Ventricular arrhythmias*  14.5% 13.6%
  Ventricular fibrillation 4.8% 3.1%
  Ventricular tachycardia 12.4% 11.3%
    Torsade de Pointes 1.6% 0
Various forms of block
  AV block 0.8% 2.7%
  (Left) bundle branch block 0 0.4%
  Heart block 1.2% 0.8%

Other Adverse Reactions

Table 8 presents other adverse events reported with a frequency of >2% on TIKOSYN and reported numerically more frequently on TIKOSYN than on placebo in the studies of patients with supraventricular arrhythmias.

Table 8: Frequency of Adverse Events Occurring at >2% on TIKOSYN, and Numerically More Frequently on TIKOSYN than Placebo in Patients with Supraventricular Arrhythmias
TIKOSYN Placebo
Adverse Event % %
        
headache 11 9
chest pain 10 7
dizziness 8 6
respiratory tract infection 7 5
dyspnea 6 5
nausea 5 4
flu syndrome 4 2
insomnia 4 3
accidental injury 3 1
back pain 3 2
procedure (medical/surgical/health service) 3 2
diarrhea 3 2
rash 3 2
abdominal pain 3 2

Adverse events reported at a rate >2% but no more frequently on TIKOSYN than on placebo were: angina pectoris, anxiety, arthralgia, asthenia, atrial fibrillation, complications (application, injection, incision, insertion, or device), hypertension, pain, palpitation, peripheral edema, supraventricular tachycardia, sweating, urinary tract infection, ventricular tachycardia.

The following adverse events have been reported with a frequency of ≤2% and numerically more frequently with TIKOSYN than placebo in patients with supraventricular arrhythmias: angioedema, bradycardia, cerebral ischemia, cerebrovascular accident, edema, facial paralysis, flaccid paralysis, heart arrest, increased cough, liver damage, migraine, myocardial infarct, paralysis, paresthesia, sudden death, and syncope.

The incidences of clinically significant laboratory test abnormalities in patients with supraventricular arrhythmias were similar for patients on TIKOSYN and those on placebo. No clinically relevant effects were noted in serum alkaline phosphatase, serum GGT, LDH, AST, ALT, total bilirubin, total protein, blood urea nitrogen, creatinine, serum electrolytes (calcium, chloride, glucose, magnesium, potassium, sodium), or creatine kinase. Similarly, no clinically relevant effects were observed in hematologic parameters.

In the DIAMOND population, adverse events other than those related to the post-infarction and heart failure patient population were generally similar to those seen in the supraventricular arrhythmia groups.

INDICATIONS AND USAGE

Maintenance of Normal Sinus Rhythm (Delay in AF/AFl Recurrence)

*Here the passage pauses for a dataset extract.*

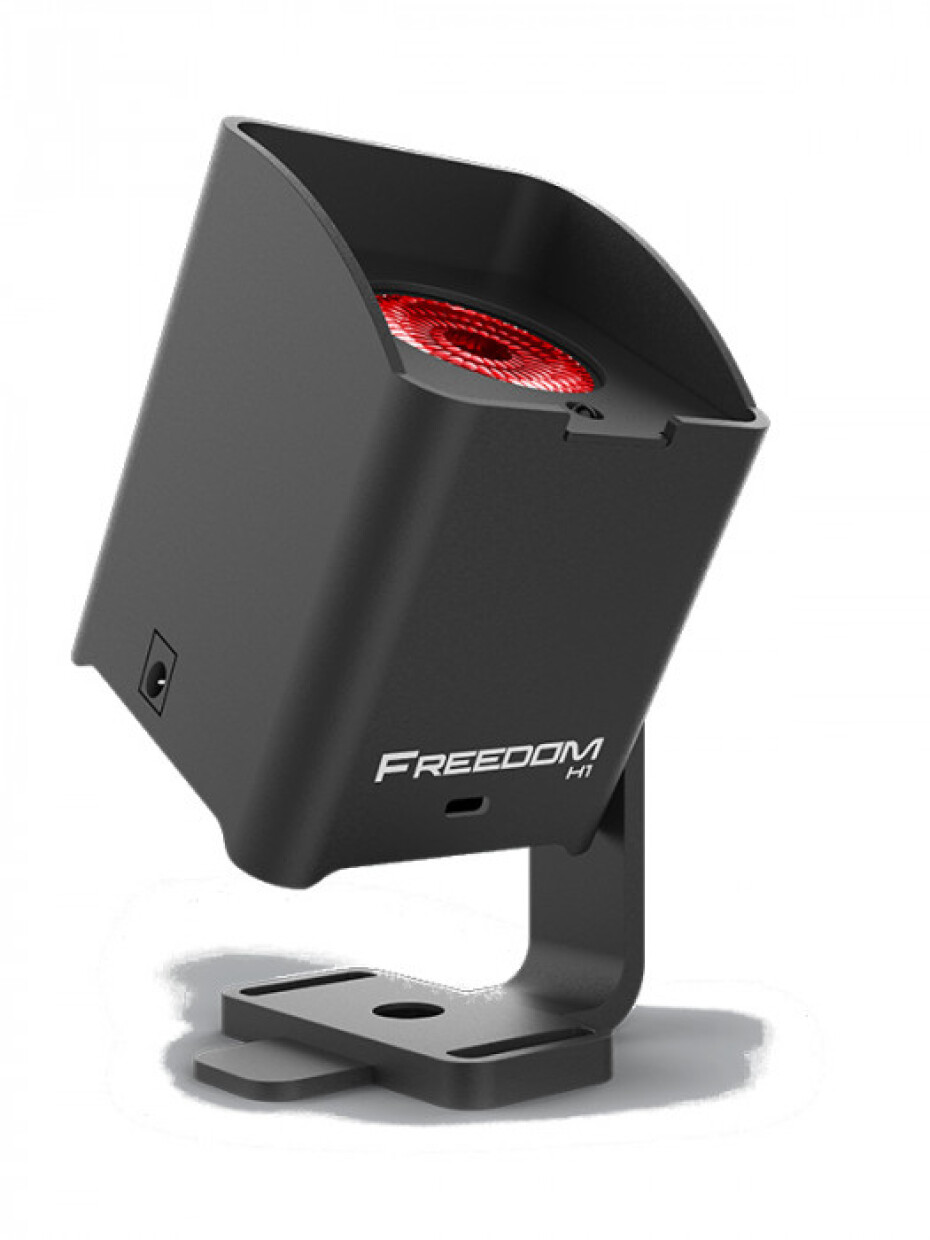 Chauvet DJ Freedom H1 x4 Black - main (0)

TIKOSYN is indicated for the maintenance of normal sinus rhythm (delay in time to recurrence of atrial fibrillation/atrial flutter [AF/AFl]) in patients with atrial fibrillation/atrial flutter of greater than one week duration who have been converted to normal sinus rhythm. Because TIKOSYN can cause life threatening ventricular arrhythmias, it should be reserved for patients in whom atrial fibrillation/atrial flutter is highly symptomatic.

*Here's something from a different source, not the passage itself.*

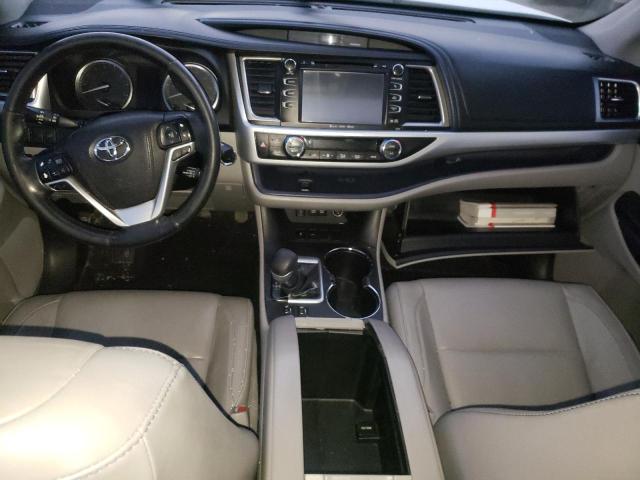 Photo 7 VIN: 5TDKZRFH9JS268754 - TOYOTA HIGHLANDER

In general, antiarrhythmic therapy for atrial fibrillation/atrial flutter aims to prolong the time in normal sinus rhythm. Recurrence is expected in some patients (see CLINICAL STUDIES).

Conversion of Atrial Fibrillation/Flutter

TIKOSYN is indicated for the conversion of atrial fibrillation and atrial flutter to normal sinus rhythm.

TIKOSYN has not been shown to be effective in patients with paroxysmal atrial fibrillation.